President Donald J. Trump at the White House on Nov. 13, 2020. (Tia Dufour/White House) | Joe Biden at the University of Nevada, Las Vegas in Feb. 2020. (Gage Skidmore/Flickr)
April 19, 2021

Former President Donald Trump criticized President Joe Biden’s announcement that he would withdraw U.S. troops from Afghanistan by Sept. 11, 2021, asserting that they should be removed sooner and that the anniversary of the deadly terrorist attacks in New York should “remain a day of reflection.”

“I wish Joe Biden wouldn’t use September 11th as the date to withdraw our troops from Afghanistan, for two reasons. First, we can and should get out earlier.
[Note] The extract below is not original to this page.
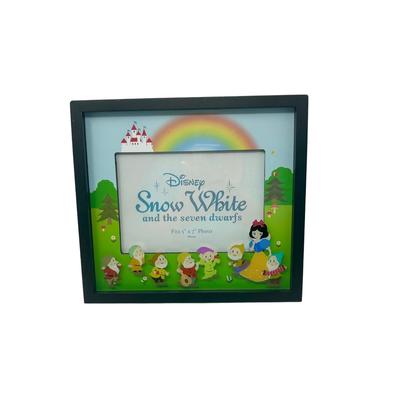 Disney Accents | Disney Snow White & The Seven Dwarfs Photo Frame Rainbow Scene & Black Frame | Color: Black | Size: 9" X 10" (Photo 5" X 7")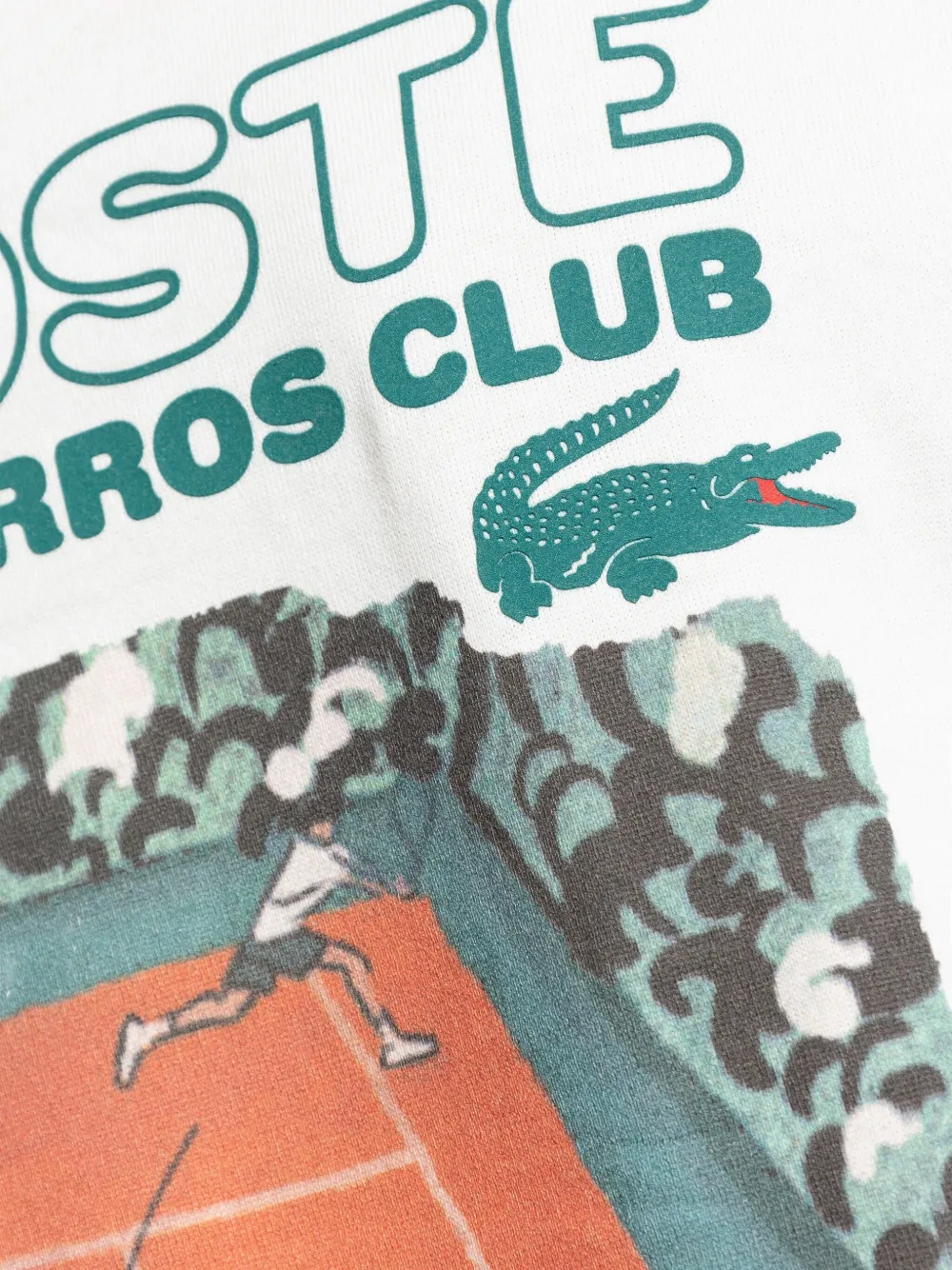 Lacoste Katoenen T-shirt met logoprint Wit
Nineteen years is enough, in fact, far too much and way too long,” Trump said in a statement late Sunday. “I made early withdraw possible by already pulling much of our billions of dollars of equipment out and, more importantly, reducing our military presence to less than 2,000 troops from the 16,000 level that was there (likewise in Iraq, and zero troops in Syria except for the area where we KEPT THE OIL).”
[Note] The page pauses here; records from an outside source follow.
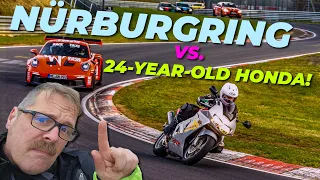 FIRST LAP: My '99 Honda VFR around the Nürburgring Nordschleife Onboard lap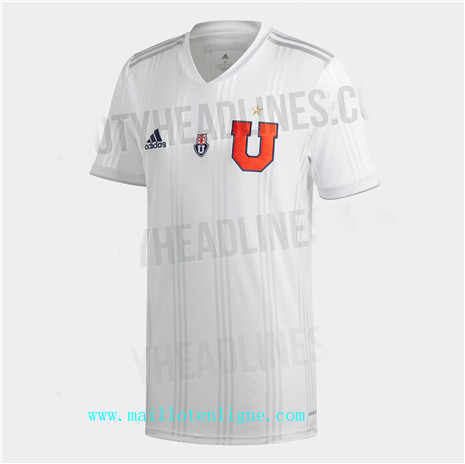 ML001 Maillot du Universidad de Chile Exterieur Blanc 2020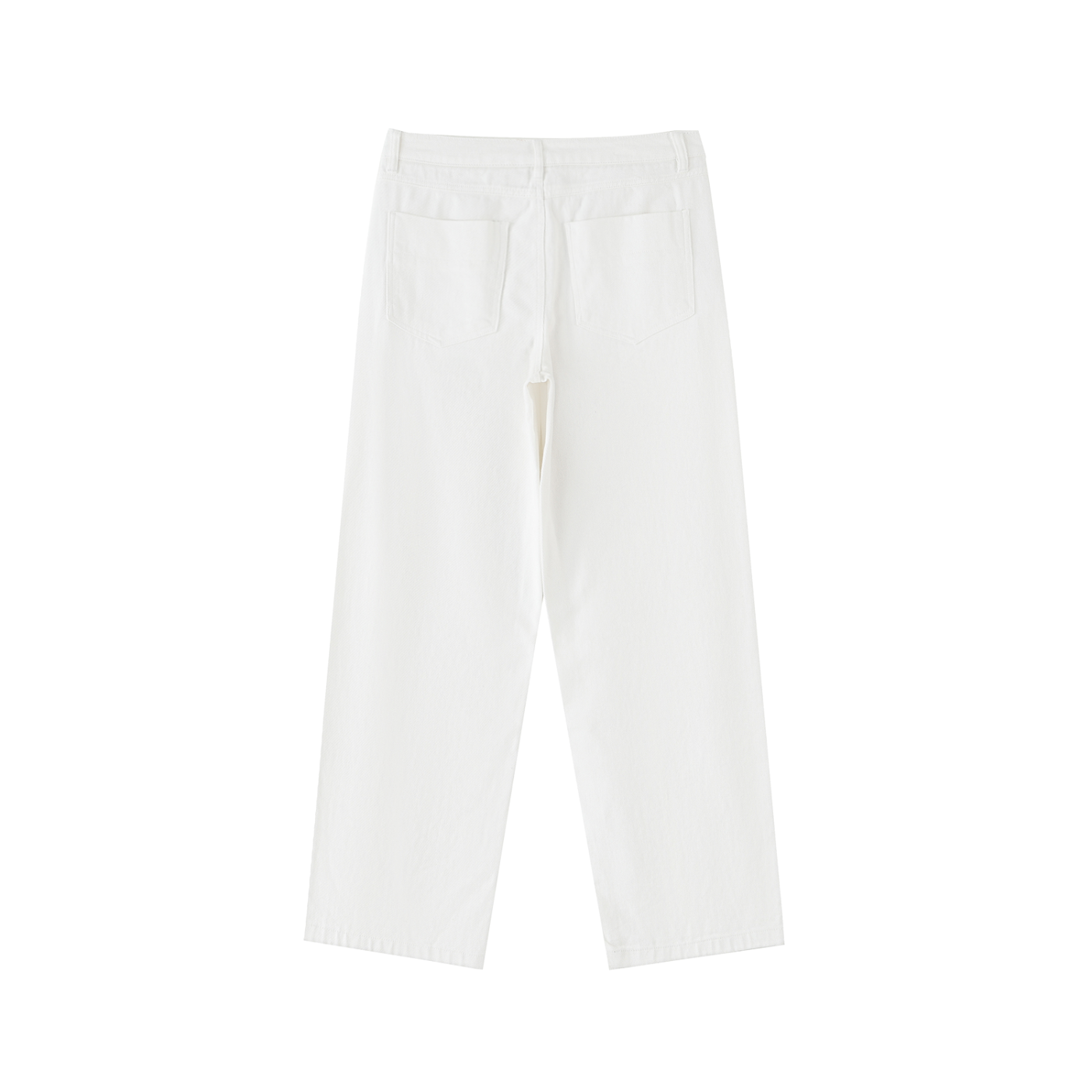 "Brooklyn Republic" Heavyweight Cotton Straight-Leg Pants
The former president continued, “Secondly, September 11th represents a very sad event and period for our Country and should remain a day of reflection and remembrance honoring those great souls we lost. Getting out of Afghanistan is a wonderful and positive thing to do. I planned to withdraw on May 1st, and we should keep as close to that schedule as possible.”

Last week, Biden announced the withdrawal would begin on May 1, noting “we’ll be out of Afghanistan before we mark the 20th anniversary of that heinous attack on September 11th.”

United States forces have been in Afghanistan for almost 20 years since the Sept. 11, 2001, Al Qaeda terrorist attacks. The initial mission was to target Al Qaeda’s leadership, which had used Taliban-controlled Afghanistan as a safe haven, but the mission was expanded to include the Global War on Terrorism.

“We cannot continue the cycle of extending or expanding our military presence in Afghanistan hoping to create the ideal conditions for our withdrawal, expecting a different result,” Biden said. “I am now the fourth United States president to preside over an American troop presence in Afghanistan. Two Republicans. Two Democrats. I will not pass this responsibility to a fifth.”

Biden continued, “After consulting closely with our Allies and partners, with our military leaders and intelligence personnel, with our diplomats and development experts, with Congress and the Vice President as well as [Afghan President Ashraf Ghani] and many others around the world, I have concluded that it is time to end America’s longest war. It is time for American troops to come home.”